The records:
>>

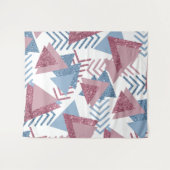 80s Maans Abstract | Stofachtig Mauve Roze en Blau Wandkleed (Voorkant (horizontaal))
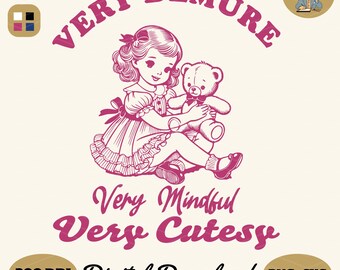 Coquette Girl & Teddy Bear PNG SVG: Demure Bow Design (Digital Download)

<<
>>

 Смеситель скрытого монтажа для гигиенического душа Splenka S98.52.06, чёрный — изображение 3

<<
>>

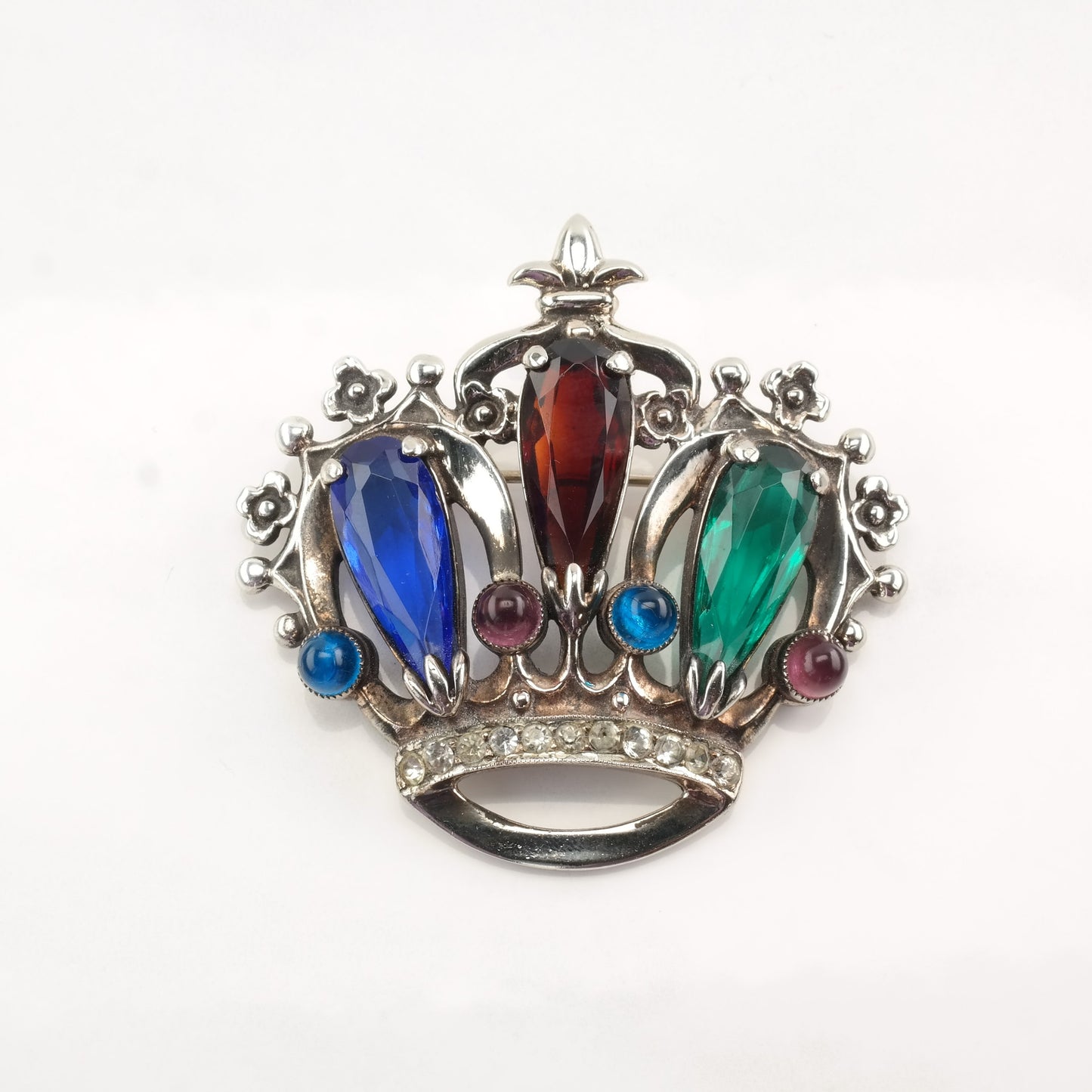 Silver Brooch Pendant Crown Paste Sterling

<<

Task to complete: From the records above, output only the lines starting at the one containing "80s Maans Abstract" and ending at the one containing "Coquette Girl &", word for word. Pictures stay out.

Answer to the problem:
 80s Maans Abstract | Stofachtig Mauve Roze en Blau Wandkleed (Voorkant (horizontaal))
 Coquette Girl & Teddy Bear PNG SVG: Demure Bow Design (Digital Download)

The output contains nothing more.